Intrahepatic cholangiocarcinoma: impact of genetic hemochromatosis on outcome and overall survival after surgical resection

J Surg Res. 2013 Mar;180(1):56-61. doi: 10.1016/j.jss.2012.10.051. Epub 2012 Nov 20.

Abstract

Background: The influence of genetic hemochromatosis (GH) on outcomes following surgical resections for intrahepatic cholangiocarcinoma (ICC) has not been evaluated.

Methods: All patients with ICC who underwent a surgical resection between January 1997 and August 2011 were analyzed retrospectively. Risk factors were assessed by univariate and multivariate analyses.

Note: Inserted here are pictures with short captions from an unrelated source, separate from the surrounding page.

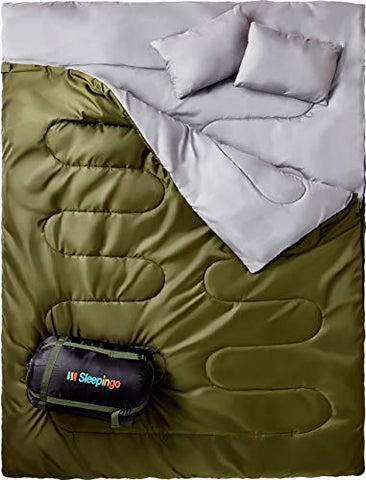 Sleepingo Double Sleeping Bag - Camping, Hiking, Queen Size XL Cold Weather 2 Person Waterproof Adult - Teen. Lightweight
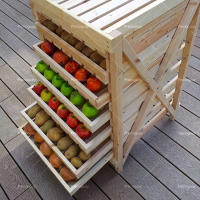 Estante para frutas y verduras de madera maciza de cinco capas, adecuado para cocina y dormitorio, color madera original, 35 x 50 x 58 cm. - details 5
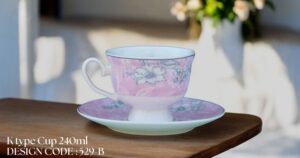 High-Quality Bone China Cup & Saucer Set (K-529B) | Elegant, Durable, Ideal for Home & Gifting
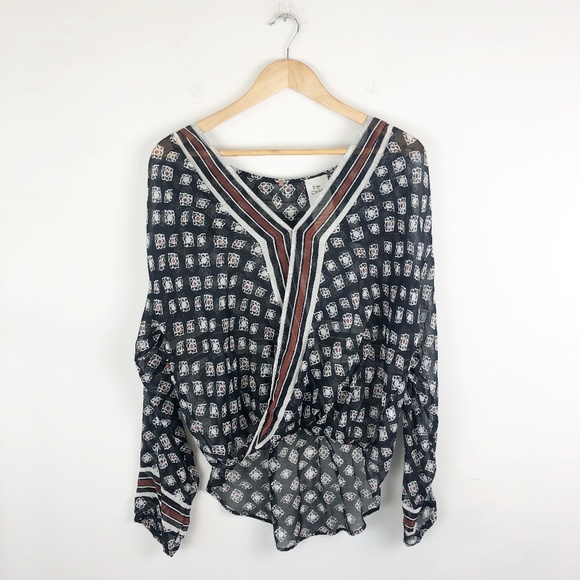 Free People Tops - Free People One Before Dawn Printed Wrap Blouse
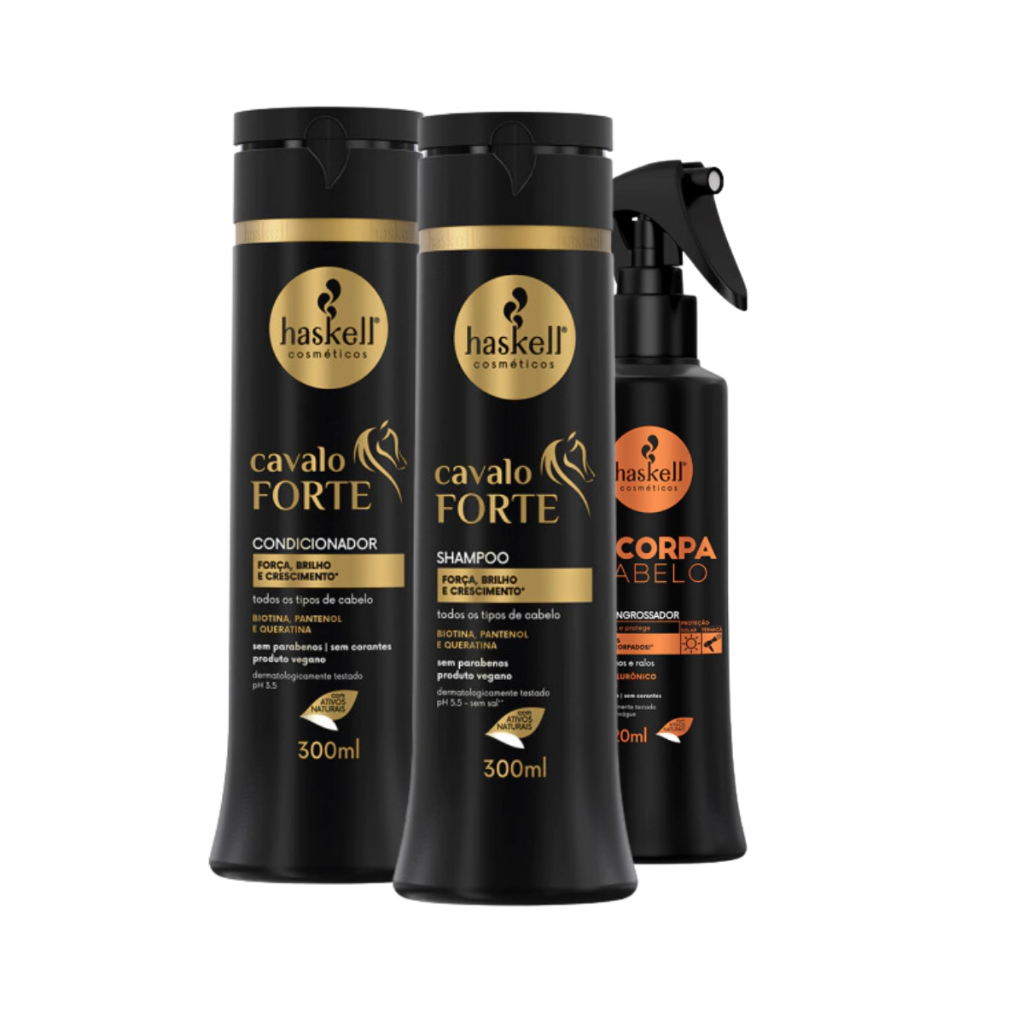Kit Haskell Shampoo e Condicionador Cavalo Forte 300ml + Fluido Encorpa Cabelo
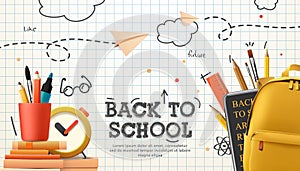 Back to school, banner, poster. Backpack and stationery, stack of books, alarm clock, paper airplanes, a checkered paper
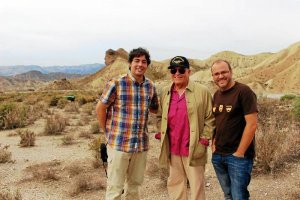 Juan Gabriel García, Enzo G. Castellari y Víctor Matellano, en Tabernas.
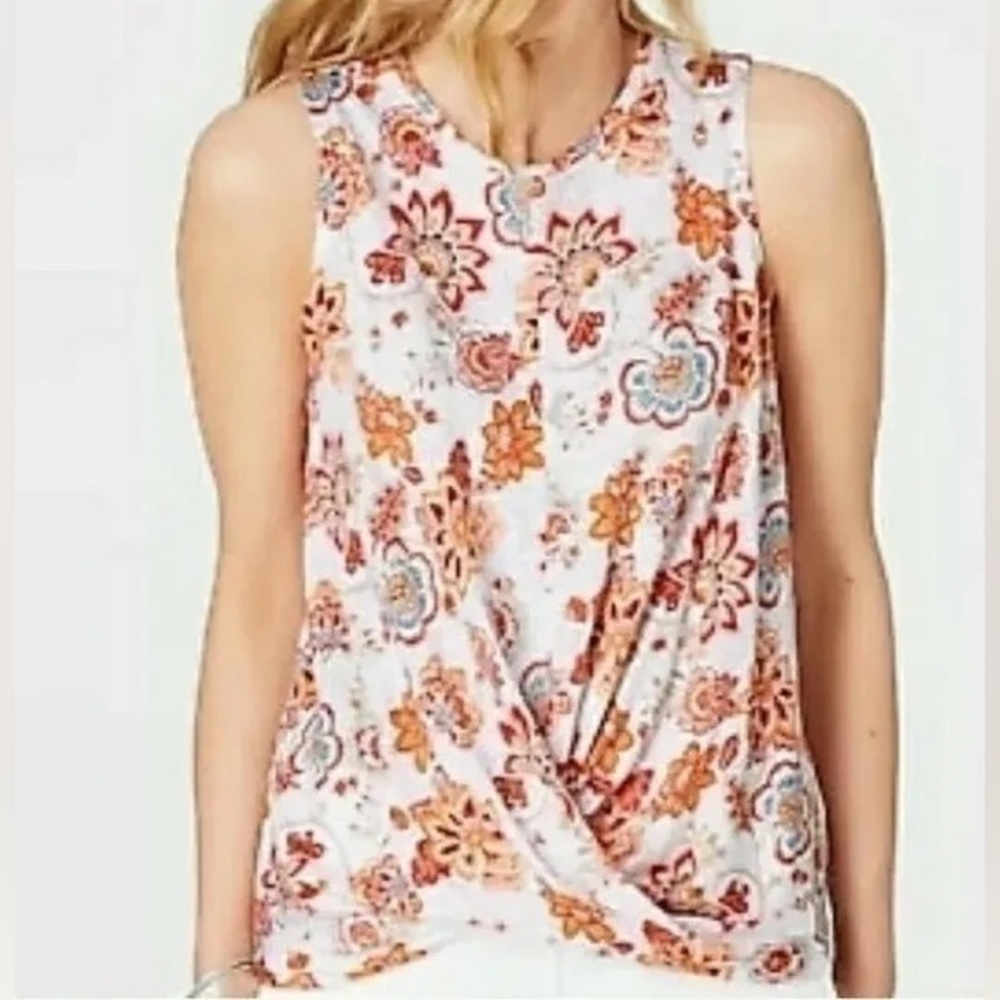 Soft Linen Floral Twist-Front Sleeveless Top - White with Orange Floral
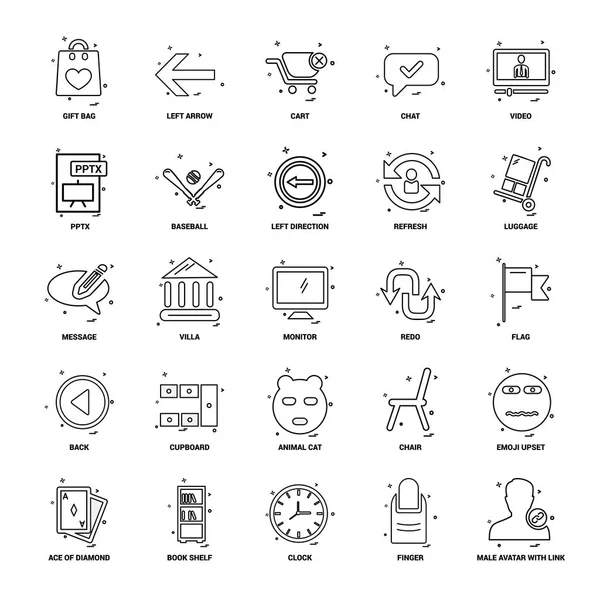 Business Koncepce Mix Linie Icon Set — Stockový vektor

Results: Eighty-seven patients were analyzed; 16 of these patients (18.4%) had GH. Among the 71 non-GH patients, 52 (73.2%) and 19 (26.8%) had normal or cirrhotic parenchyma, respectively. There was no significant difference in survival between the GH and non-GH patients. A univariate analysis showed that major hepatectomy (P = 0.012), intraoperative blood transfusion (P = 0.007), tumor size >5 cm (P = 0.006), several nodules (P < 0.001), and microvascular invasion (P = 0.04) were significantly associated with poor survival. A multivariate analysis showed that intraoperative blood infusion (HR 0.37; CI 95% [0.19; 0.71]) and more than one nodule (HR 2.5; CI 95% [1.06; 5.8]) were associated with a lower survival rate.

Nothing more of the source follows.